* **Work request**: Print the lines exactly. Start at the first line of the material below, end with the line that contains "6445 Marsham Drive", and skip all pictures.

* **Dataset excerpt**:
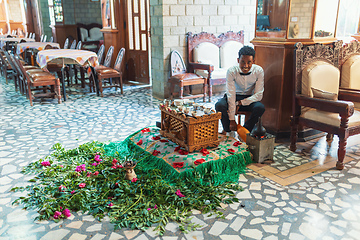 Image showing Ethiopian traditional Coffee ceremony, crafting street bunna coffee, Maqale Etiopia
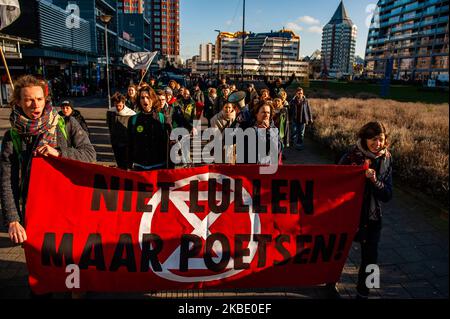 XR-Aktivisten gehen, während sie ein großes Banner halten und Klimaslogans während einer die-in-Aktion rufen, die von der XR-Gruppe in den Niederlanden am 6.. Januar 2020 im Zentrum von Rotterdam durchgeführt wurde. (Foto von Romy Arroyo Fernandez/NurPhoto) Stockfoto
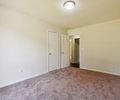 6445 Marsham Drive Atlanta, GA 30349 - Photo 18 of 28 an empty room with an entryway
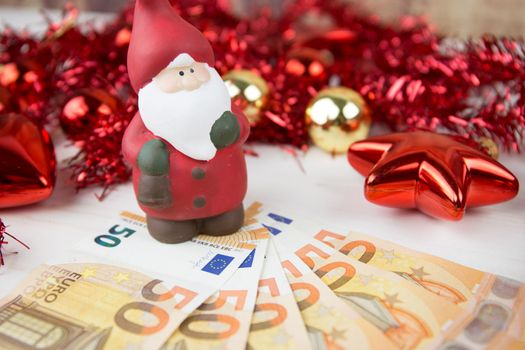 Christmas money business concept: a statuette of Santa Claus on some fifty euro banknotes with red and gold baubles and wreath decoration with bokeh effect on light wooden table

* **Result of this exercise**:
 Image showing Ethiopian traditional Coffee ceremony, crafting street bunna coffee, Maqale Etiopia
 XR-Aktivisten gehen, während sie ein großes Banner halten und Klimaslogans während einer die-in-Aktion rufen, die von der XR-Gruppe in den Niederlanden am 6.. Januar 2020 im Zentrum von Rotterdam durchgeführt wurde. (Foto von Romy Arroyo Fernandez/NurPhoto) Stockfoto
 6445 Marsham Drive Atlanta, GA 30349 - Photo 18 of 28 an empty room with an entryway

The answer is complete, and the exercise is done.